Switch to back-up server did not happen as it should have

A TRANSFER to a back-up server failed when the main States computer server overheated, it has been confirmed.

Published
Head of public service Mark de Garis. (Picture by Peter Frankland, 31532010)

Services were back online yesterday, after another outage on Thursday.

Policy & Resources president Deputy Peter Ferbrache has been calling for answers after problems began eight days ago.

Details were finally given yesterday.

The initial outage began a week yesterday, when an air conditioning unit failed in the main server room at Frossard House, which contains about 500 servers.

An alarm soon went off when the room reached 25C. By the time IT staff arrived 20 minutes later, the temperature was 44C and climbing.

A third party contractor was called in, by which time it had reached 48C.

If servers get too hot, they stop working and data can be lost.

In this case the servers went into preservation mode, where the system shuts down to protect itself and the data.

At that point services should have switched to back-up equipment room at Edward T Wheadon House.

But that failed.

The cause of this failure is unclear and is under investigation.

Head of public service Mark de Garis said Agilisys engineers and third-party contractors had been working tirelessly over the last eight days to restore services.

‘An outage such as we have experienced over the last week is unacceptable and urgent actions are being taken to fully understand how this happened,’ he said.

‘The States of Guernsey runs a large number of systems supporting a huge range of services.

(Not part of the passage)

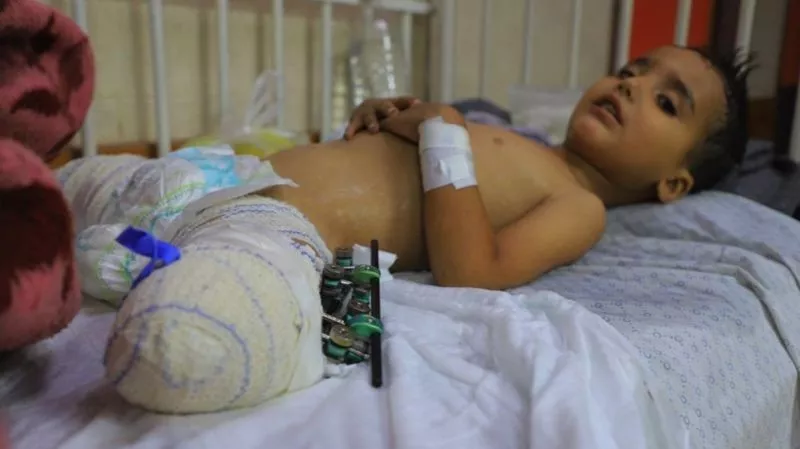 Ahmed Shabat, de 3 años, perdió sus piernas en una explosión en Gaza.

For example we have bespoke systems in areas such as children’s services, the ports, Beau Sejour, social security systems responsible for the payment of benefits and many online services through gov.gg. This makes the recovery of systems extremely complex.’

Mr de Garis thanked staff for their hard work.

‘This however remains a completely unacceptable situation and I want to apologise to all our service users who have been affected by the disruption.

‘We will provide further information as soon as the detailed investigations are complete.’

The live data is replicated across both the server sites and the States also does an incremental back-up of all data every evening, and a weekly full back-up to a third site.

While the States’ websites are now stable, there are still issues with some internal systems linked to individual services.